# AIM OF THE EXERCISE
Without the pictures, copy all of the data exactly.

# GIVEN DATA

============================================================

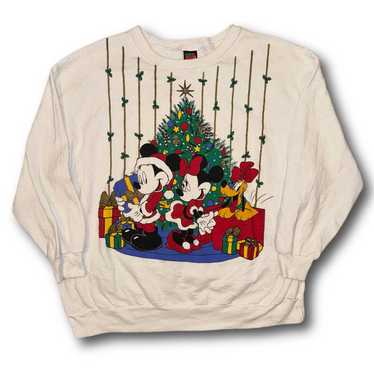 Disney Disney Mickey Unlimited 90s Christmas Whit… - image 1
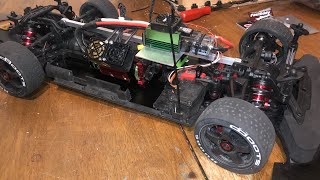 Arrma infraction V2 drag build kill mode total build and XLX set up with castle link [upl. by Atiseret515]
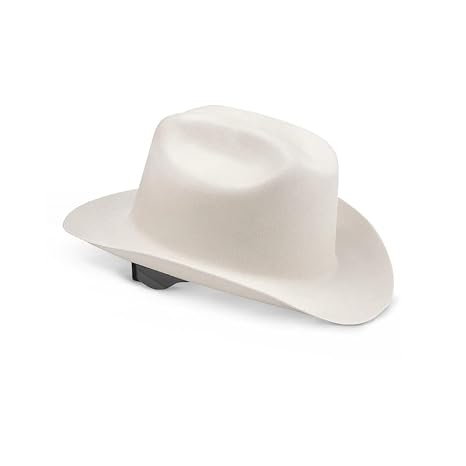Jackson Safety Cowboy Hard Hats - 4 Point Ratchet Suspension - Western Outlaw Style - Multiple Colors - 4 Pack/Case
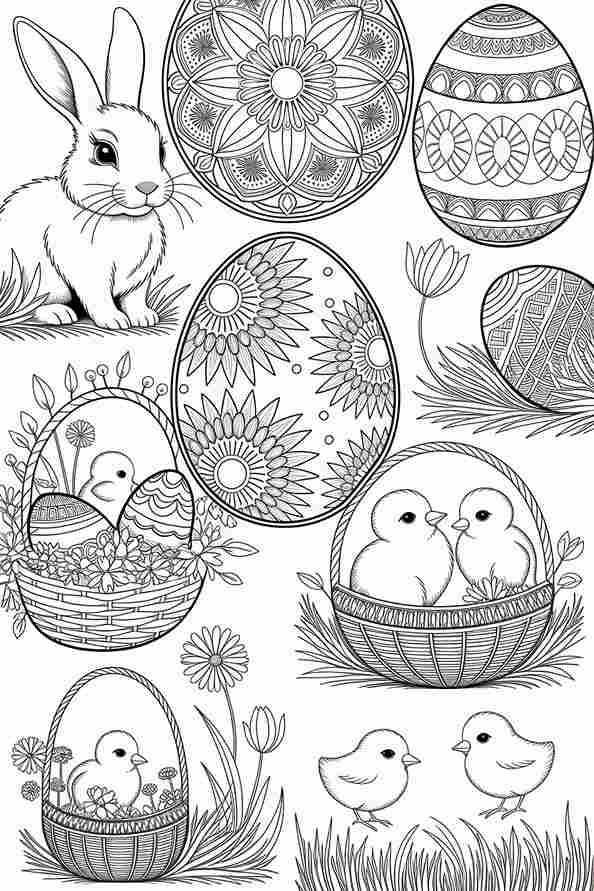 easter coloring pages for adults to print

============================================================

# ANSWER FOR THE TASK
 Disney Disney Mickey Unlimited 90s Christmas Whit… - image 1
 Arrma infraction V2 drag build kill mode total build and XLX set up with castle link [upl. by Atiseret515]
Jackson Safety Cowboy Hard Hats - 4 Point Ratchet Suspension - Western Outlaw Style - Multiple Colors - 4 Pack/Case
 easter coloring pages for adults to print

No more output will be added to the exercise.